Adnan Amin, speaking at the Abu Dhabi Sustainability Week conference in the United Arab Emirates, said that “the scale and pace of transformation has accelerated, and this is leading to very significant structural changes to the energy system around the world”.

The cost of solar energy, which has fallen by 73% since 2010, is forecast to fall by a further 50% by 2020, leading to it sitting alongside onshore wind as the cheapest forms of energy in years to come. This is leading corporates to buy record amounts of clean power through renewable energy power purchase agreements. Bloomberg New Energy Finance reported that 43 companies in 10 different countries procured a total of 5.4GW of clean energy contracts in 2017, 1.1GW more than the year before and, as BNEF said, “despite question marks about how evolving policy could affect corporate procurement in the US and Europe, the two largest markets”.

Kyle Harrison, a corporate energy strategy analyst for BNEF, said: “Sustainability and acting sustainably in many instances are even more important, for the largest corporate clean energy buyers around the world, than any savings made on the cost of electricity.”

This has led to events such as the UK having its first day without using coal power since the start of the Industrial Revolution and European grid operators routinely incorporating 40-50% renewable electricity into their transmission networks without incident.  “We are in a new world of energy. The ecosystem of energy is changing,” Amin added in a briefing to journalists.

The integration of renewable energy into the world’s electricity networks will be aided by the rapid advance of electric vehicles, which provide demand for renewable capacity outside peak times and can also act as a form of energy storage when demand is high. That and other forms of energy storage will be the real game-changer, the director general said. “If innovation in batteries really reduces costs, I think storage will be key.”

This is going to have serious implications for energy markets, as has already been seen in Europe, where utilities such as Eon and RWE lost billions by failing to anticipate the rapid growth of clean energy capacity, and the US, where President Trump’s attempts to save the coal industry are foundering against economic reality – despite his planned tariffs on imported solar panels. “The real challenge will be not just dealing with rapidly changing policy and technology changes, but also market design,” Amin said. “Utilities are going to have to change their business models dramatically.”
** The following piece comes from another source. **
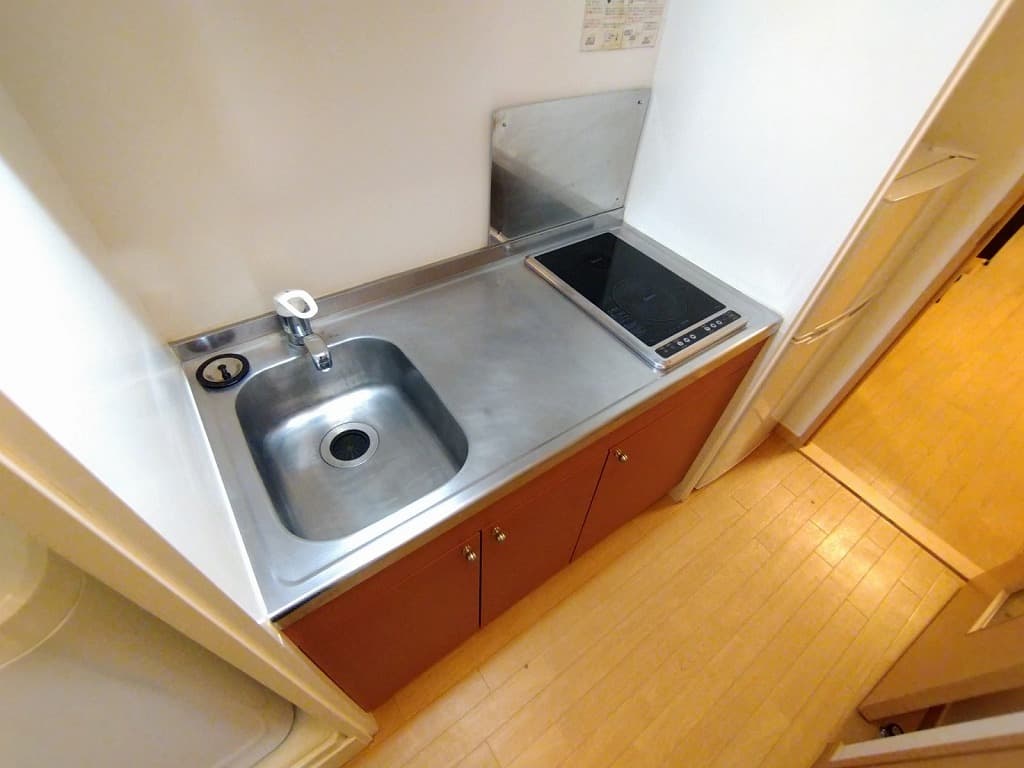 Room image 8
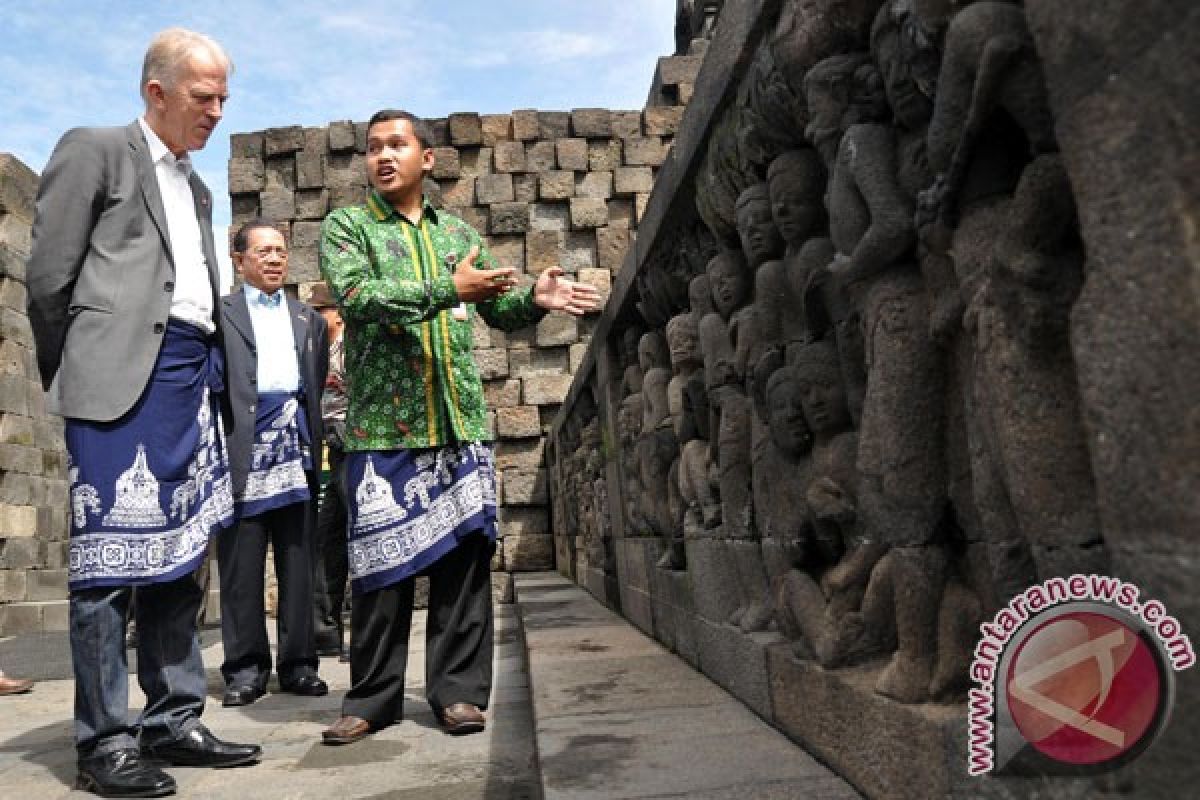 Buddhist students campaign for Borobudur preservation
There are also serious implications for the geopolitics of the energy market, and as a result IRENA has launched a Global Commission on the Geopolitics of Energy Transformation. “We are moving from a world where energy was characterized by scarcity and conflict to a world of plenty,” Amin said. “Renewable energy resources are abundant, sustainable and have the power to significantly improve energy access, security and independence.
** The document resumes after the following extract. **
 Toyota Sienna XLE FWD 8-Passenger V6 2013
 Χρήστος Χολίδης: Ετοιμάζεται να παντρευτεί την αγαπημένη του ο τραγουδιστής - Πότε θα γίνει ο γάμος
“At the same time, the large-scale deployment of variable sources of renewable energy such as solar PV and wind, is fostering greater cross-border energy trade and cooperation between nations,” he added. “Understanding these changing dynamics in a way that informs policy makers, will be the primary goal of the commission.”
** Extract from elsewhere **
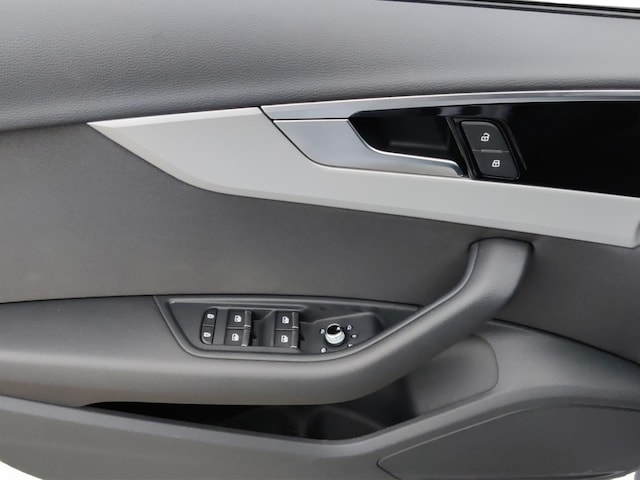 Audi A4 30 TDI Avant S-Tronic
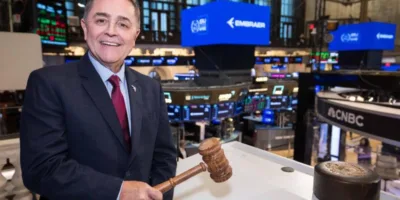 Embraer (EMBJ3) perde CFO para a Azul (AZUL53) e mudança chega em momento de virada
This means that peak demand for oil could come as early as 2020, Amin said. “The general narrative in the OPEC countries is that they have another 30 years, but mobility technology is moving so fast – mobility companies are having to change far faster than they planned. Every time renewable capacity doubles, the price falls by about 20%. If this trend applies in e-mobility over the next three to four years, we’re going to reach the point where real demand for oil will be impacted quite soon. There is a great deal of complacency among incumbents in the energy industry. We’re going to see indications of peaks within the next five to six years – it’s not going to be 30 years for sure.”